| DATA PROVIDED |

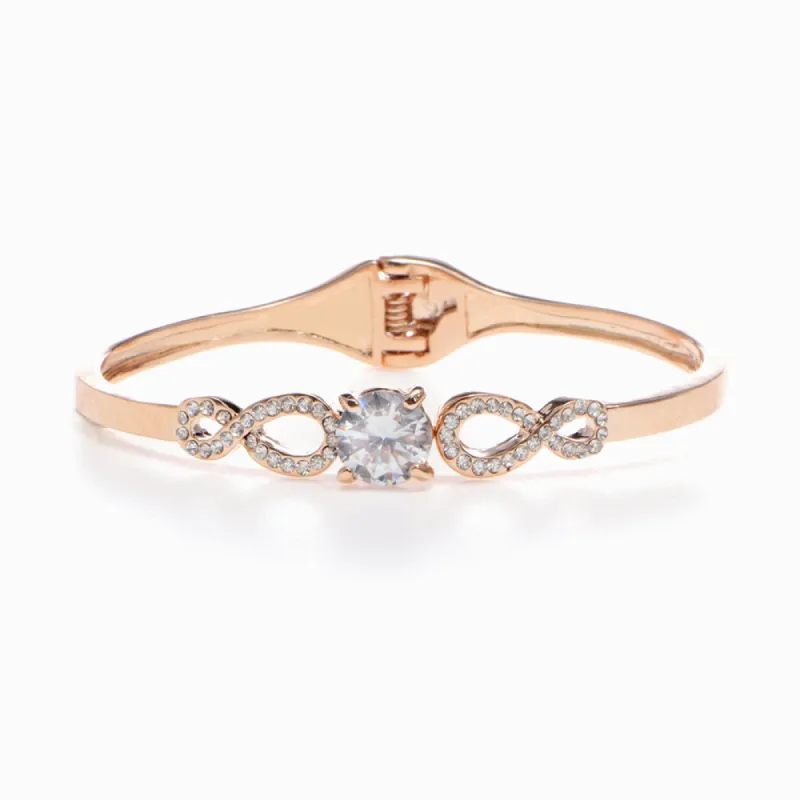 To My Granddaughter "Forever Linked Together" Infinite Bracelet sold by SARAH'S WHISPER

...

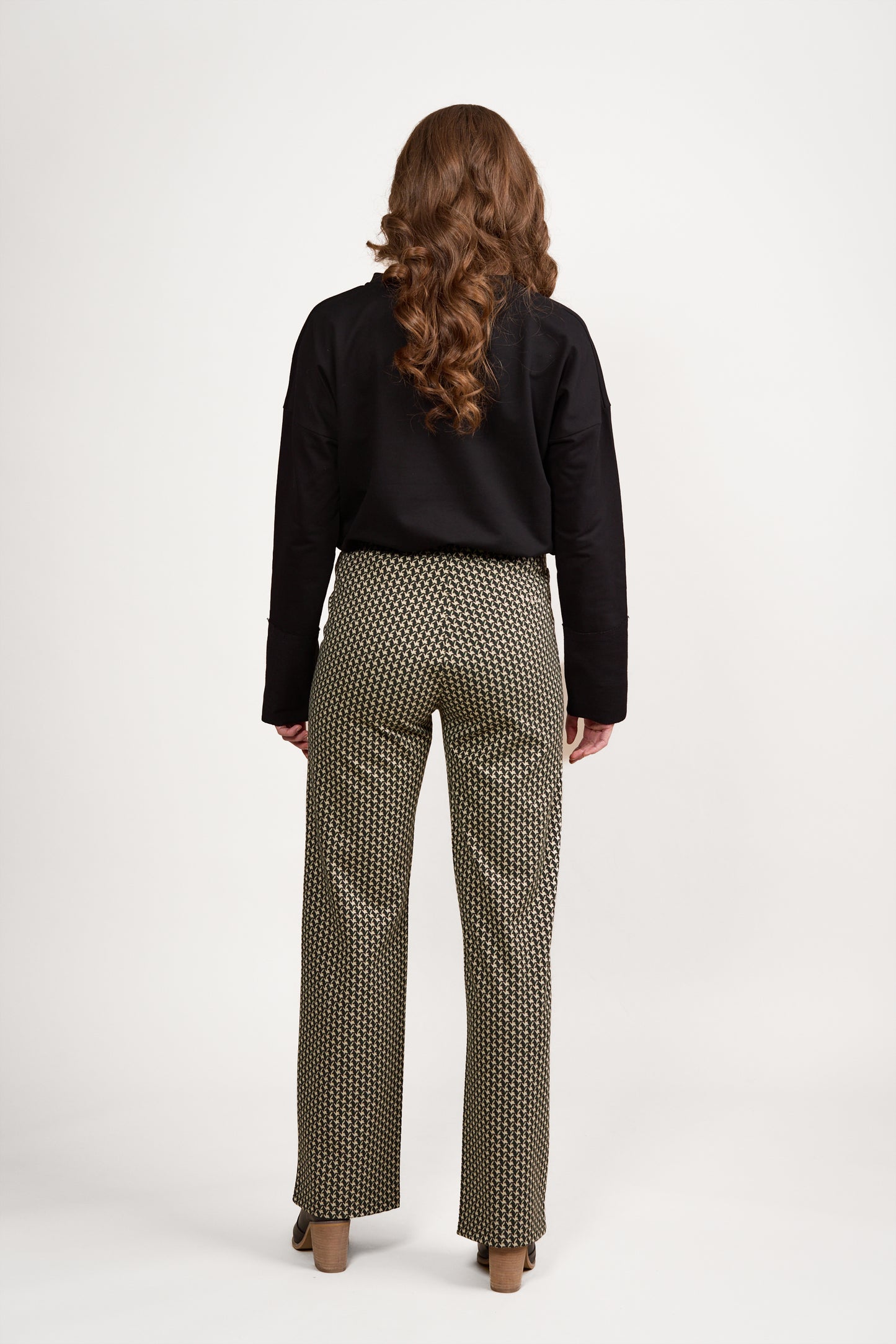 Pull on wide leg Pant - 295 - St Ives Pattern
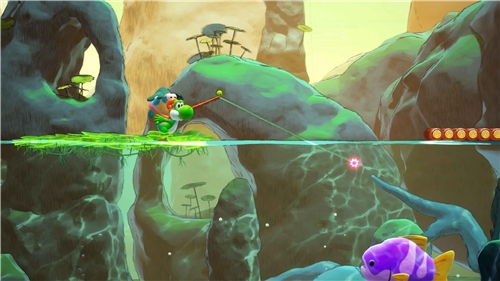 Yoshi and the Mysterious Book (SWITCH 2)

==

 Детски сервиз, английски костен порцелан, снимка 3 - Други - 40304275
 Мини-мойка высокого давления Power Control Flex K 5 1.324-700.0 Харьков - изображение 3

| TASK BRIEF |
From the data above, retype only the lines starting with the line with "Pull on wide" and going on through the line with "Yoshi and the Mysterious Book (SWITCH 2)", exactly, leaving out the pictures.

| RESPONSE AREA |
 Pull on wide leg Pant - 295 - St Ives Pattern
 Yoshi and the Mysterious Book (SWITCH 2)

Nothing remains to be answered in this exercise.